Plato clearly recognized the weakness of argument from authority, and put the reasoned examination of principles before the mere fact of anyone’s say-so. He further pointed out that assertions about God’s will and its applicability to real-world cases need to be evaluated as human assertions, on the same footing as others. In discussions about truth, there are no specially privileged assertions or asserters. He set a strong ideal of sincerely seeking knowledge rather than assuming we have it, and by example promoted the modest attitude that humans should avoid making strong claims that human knowledge cannot validate. Many of his most important ideas are only presented as what I call “suggestions”.

Provocatively, Plato suggested that all beings desire the good, and that the Good is the most ultimate formative principle of all things. This reduces evil to ignorance of the true Good. The tendentious claim here is that evil is a kind of lack or defect, and that no one who aims at what is really evil properly understands what they are doing. This gives fundamental ethical significance to knowledge and the quest for better understanding. Treating evil as due to some lack of understanding also suggests a way of forgiving the evil-doer.

For Plato, wisdom and goodness are correlative. Wisdom especially includes the recognition of what we do not know. It is superior to any law. The most wise are the best qualified to govern, but do not want the job and must be coaxed into doing it.

Plato was unconcerned with questions like who decides who is wise, preferring to focus instead on how such judgments should be made. For the latter, he suggested the same kind of free and open dialogue and examination of reasons as for any other questions about truth.

Hume on Causes

The great British empiricist philosopher David Hume (1711-1776) wrote that “There are no ideas which occur in metaphysics more obscure and uncertain than those of ‘power’, ‘force’, ‘energy’, or ‘necessary connection'” (An Inquiry Concerning Human Understanding, Library of Liberal Arts ed., p. 73).

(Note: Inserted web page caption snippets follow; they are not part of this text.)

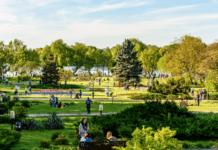 Озеленення Бухаресту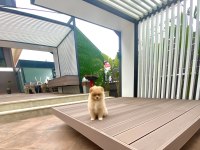 Kalite Pomeranian Boo Dişi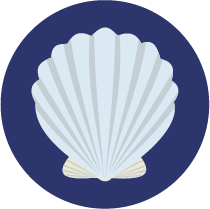 avoid clamming up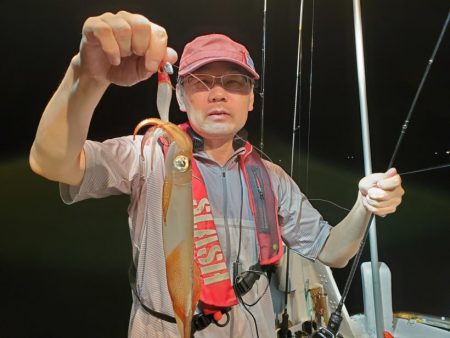 ブルーピア 釣果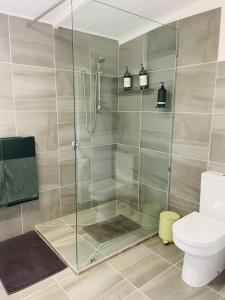 łazienka z kabiną prysznicową i toaletą w obiekcie Eumundi Cottage in Town w mieście Eumundi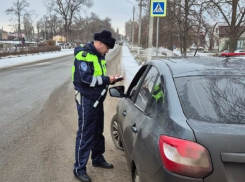 В Борисоглебске вновь начались рейды по выявлению пьяных водителей
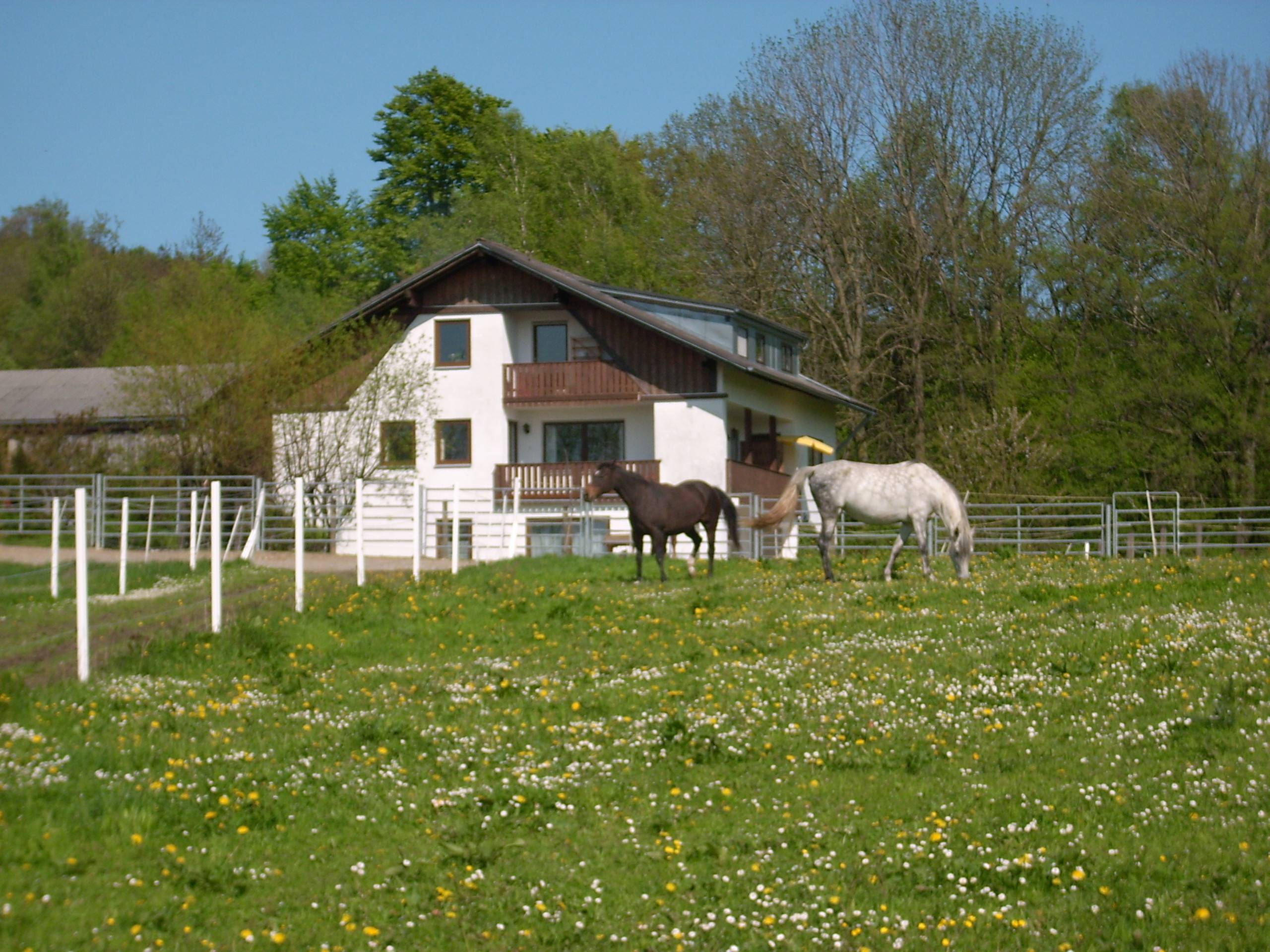 Niederbayeralm Niederbayeralm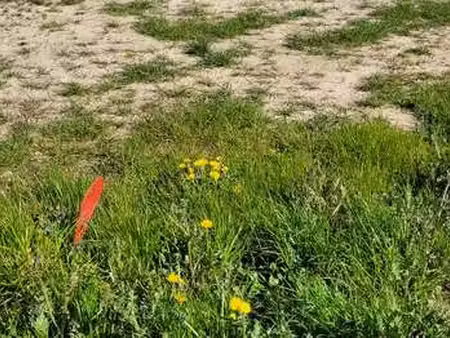 vente terrain à landéda (29870) : à vendre / landéda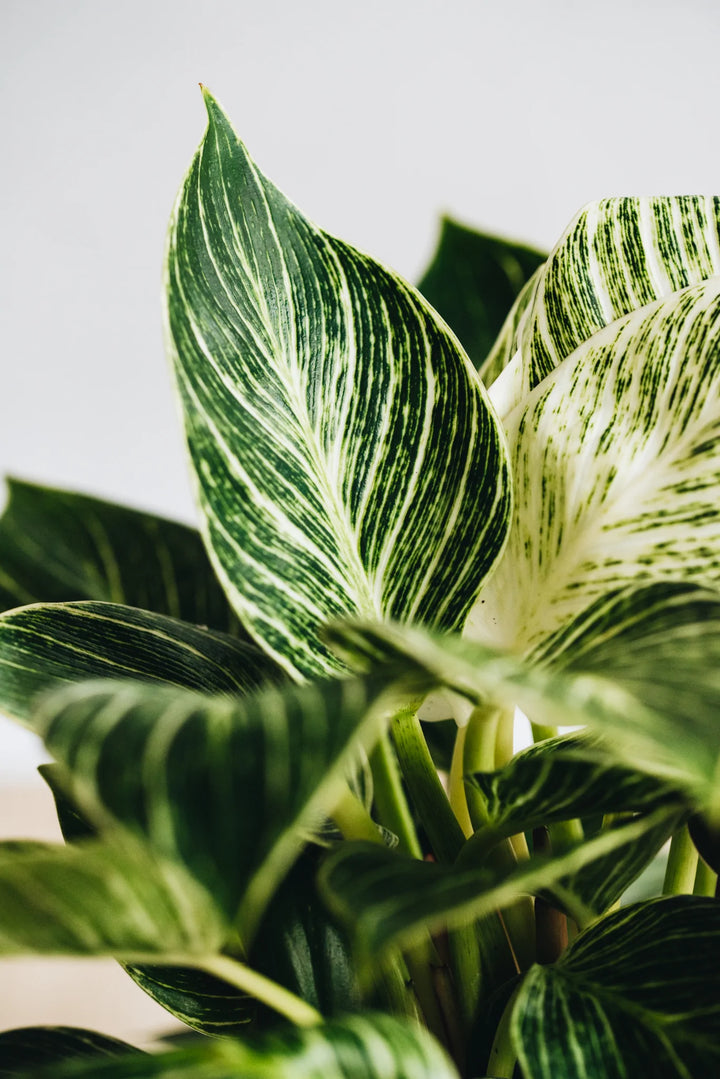 Philodendron Zebra – Geb & Green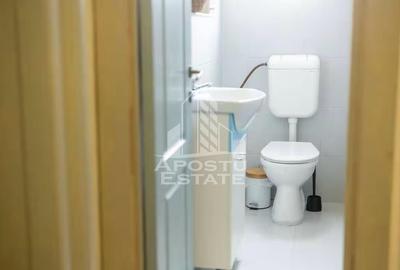 Apartament cu 2 camere decomandat, mobilat în P-ța Victoriei - 11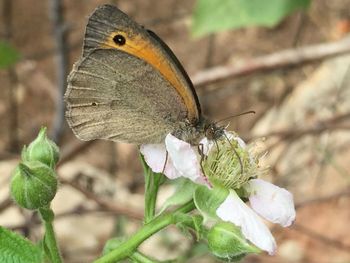 Close-up of butterfly pollinating on flower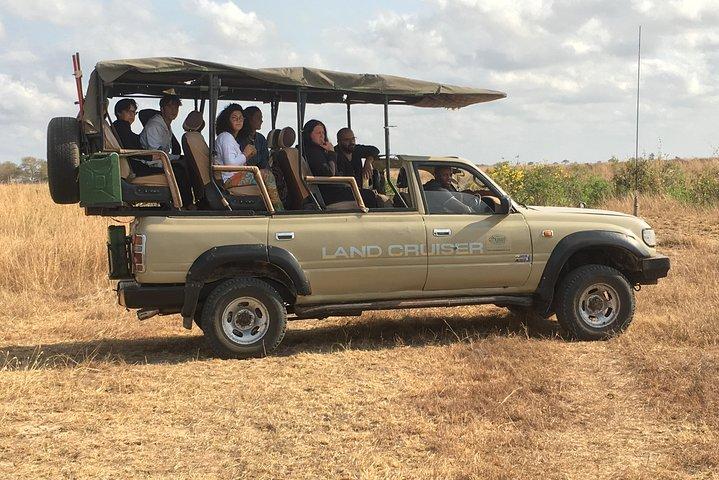 Dagtocht van Zanzibar naar Mikumi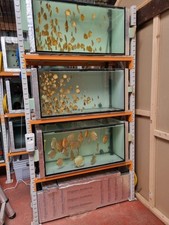 Aquarium rack for sale  WARRINGTON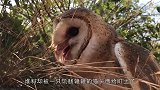 猫头鹰猛扑鸡群，却被母鸡打倒在地，结局让人意外！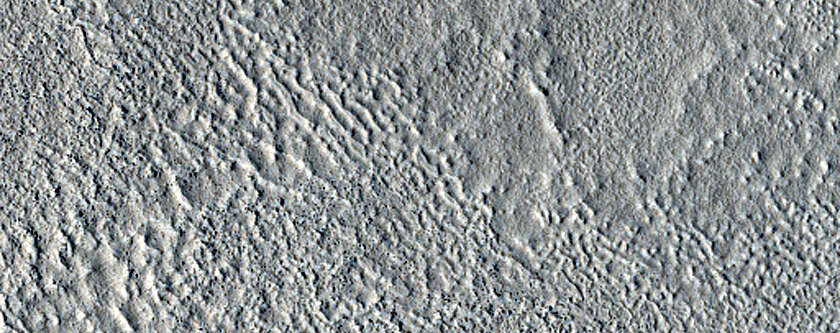 Impact Monitoring in Arcadia Planitia
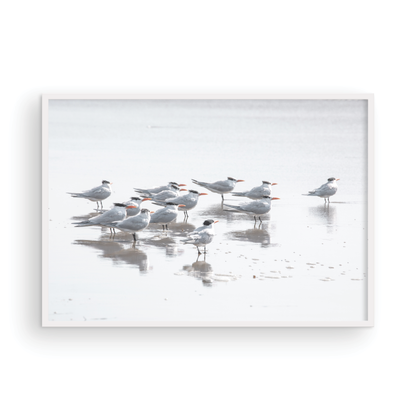 Shore Birds 5263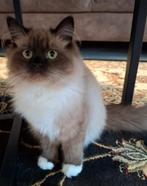 Mooie Ragdoll kitten, Poes, Ontwormd, 0 tot 2 jaar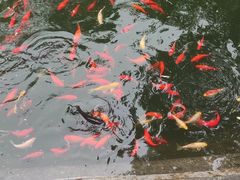 -石老人观光园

Hume is most famous for his critique of naive or dogmatic assumptions about causality. “[T]here is not, in any particular instance of cause and effect, anything which can suggest the idea of power and necessary connection” (p. 75). To me, it seems to be the idea of an underlying power or force responsible for causality that he is mainly questioning. He has no doubt that we continually experience instances of cause and effect.

“[There is] no such thing as chance in the world” (p. 69). “[T]he conjunction between motives and voluntary actions is as regular and uniform as that between the cause and effect in any part of nature” (p. 98). Clearly, then, he did believe in the reality of cause and effect, but only wanted to reject naive claims about our knowledge of the world that purport to link experienced instances of cause and effect to explanations in terms of the operation of underlying powers. What we actually experience in these cases is just lawful regularity.

“It is certain that the easy and obvious philosophy will always, with the generality of mankind, have the preference above the accurate and abstruse…. The fame of Cicero flourishes at present, but that of Aristotle is utterly decayed” (pp. 16-17). But on the other hand, “All polite letters are nothing but pictures of human life in various attitudes and situations…. An artist must be better qualified to succeed in this undertaking who, besides a delicate taste and a quick apprehension, possesses an accurate knowledge of the internal fabric, the operations of the understanding, the workings of the passions…. However painful soever this inward search or inquiry may appear, it becomes in some manner requisite to those who would describe with success the obvious and outward appearances of life and manners…. Accuracy is, in every case, advantageous to beauty, and just reasoning to delicate sentiment. In vain would we exalt the one by depreciating the other” (p. 19). Clearly, then, Hume’s polemic against scholastic modes of reasoning does not at all mean he simply rejects the values of “accurate and abstruse” philosophy.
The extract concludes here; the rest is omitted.